Concert mercredi 10 juin à l'Eglise des Blanc-Manteaux dans le cadre des Grands Concerts Sacrés produits par Philippe Maillard. Philippe Herreweghe, à la direction du Collegium Vocale de Gand nous fait découvrir des motets et la Missa "De Beata Virgine" de Cristobal de Morales.
Ce compositeur espagnol, qui a séjourné lors des premières années de sa vie à Rome, notamment comme chanteur à la Chapelle Papale, a ensuite, de retour en Espagne (Malaga), connu une réelle consécration en Europe. Il fut certainement le premier des compositeurs de musique polyphonique sacrée à bénéficier d'une très rapide notoriété de son vivant notamment grâce aux développements de l'imprimerie, contribuant à largement diffuser ses créations, d'ailleurs assez prolifiques (plus de 200 pièces répertoriées dont 23 messes).
Cristobal de Morales a tiré son inspiration musicale des grands maîtres franco-flamands, surtout Josquin Desprez mais aussi Jean Mouton ou Nicolas Gombert.
J'avais déjà mentionné la Missa De Beata Virgine dans le note du10 mars 2007, à propos de son interprétation par l'ensemble Jachet de Mantoue.
Philippe Herreweghe nous fait découvrir le Salve Regina et quatre autres motets en plus de la messe pour nous permettre d'appréhender les différentes facettes des compositions de Cristobal de Morales. Par rapport à un Roland de Lassus ou, bien entendu, un Josquin Desprez qui ont marqué de leur forte personnalité les œuvres qu'ils ont composées, Cristobal de Morales ne fait pas vraiment sortir de spécificités qui permettraient de qualifier clairement son style. On parle de touche espagnole, avec une certaine gravité ou austérité. Ceci est perceptible par moment mais non systématique. Le ténébrisme du superbe "Lamentabatur Jacob" fait certes inévitablement penser aux couleurs sombres, à la noirceur typiques du style dit "hispanique". Le plus marquant chez Cristobal de Morales, et qui rappelle bien ses filiations avec, par exemple un Nicolas Gombert, est indéniablement la texture resserrée de ses harmonies.

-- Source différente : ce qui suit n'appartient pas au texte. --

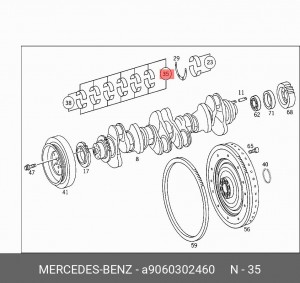 Вкладыши шатунные A9060302460 MERCEDES BENZ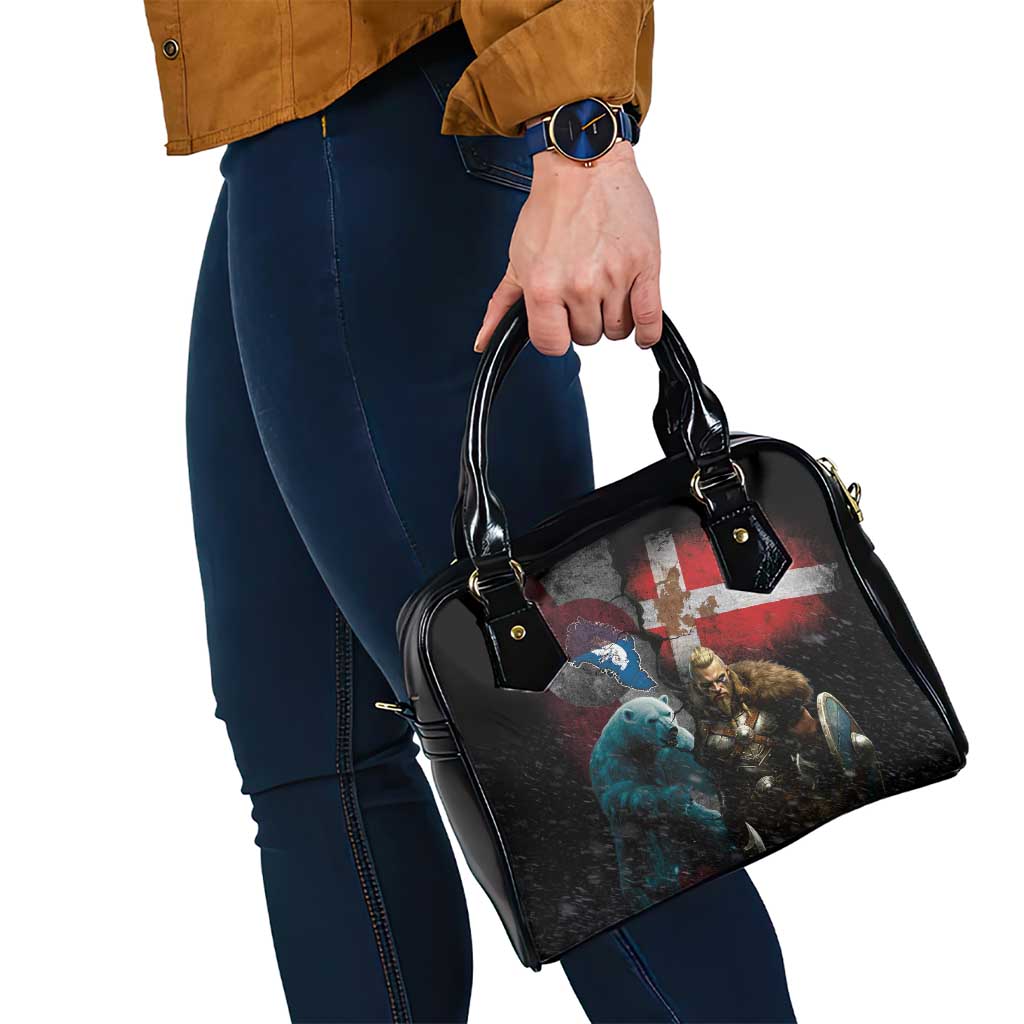 Greenlandic and Danish Together Shoulder Handbag Polar Warrior Vikings with National Flag Grunge Style LT03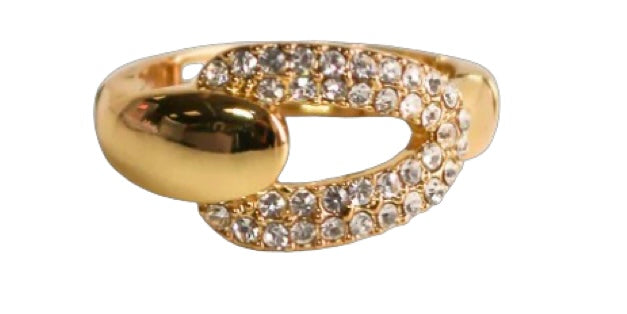 The Jenna 78 Gold Stretch Ring by Elise Accessories features a bold oval-link design with clear gemstones, making it a stunning piece of costume jewelry.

Il ne s'écarte que très rarement de la ligne principale, à savoir les accords de voix qui se succèdent et se recouvrent par imitation et on le sent plus à la recherche d'une certaine densité, que d'une inventivité harmonique ou rythmique, contrairement à un génie comme de Lassus, capable de toutes les audaces. Les motets de Cristobal de Morales sont indéniablement d'une haute tenue, ce dernier ayant parfaitement assimilé la rhétorique de la polyphonie franco-flamande. Toutefois, ils sont invariablement prévisibles. L'émotion passera plus par un certain lyrisme, les choix d'accentuation de certains phrasés, cette densité des sonorités que par le croisement savant des lignes.Philippe Herreweghe fait le choix extrêmement judicieux d'imprimer une tension permanente mais parfaitement dosée, de rechercher un certain relief sur le phrasé, la prosodie latine. L'ensemble de ces motets se révèle de façon assez homogène. Comme toujours chez ce grand chef, l'interprétation est particulièrement aérienne, inspirée avec une belle souplesse dans l'inflexion des différentes voix. Il nous prodigue à nouveau une leçon magistrale où il associe avec subtilité tension de la ligne et plasticité des voix.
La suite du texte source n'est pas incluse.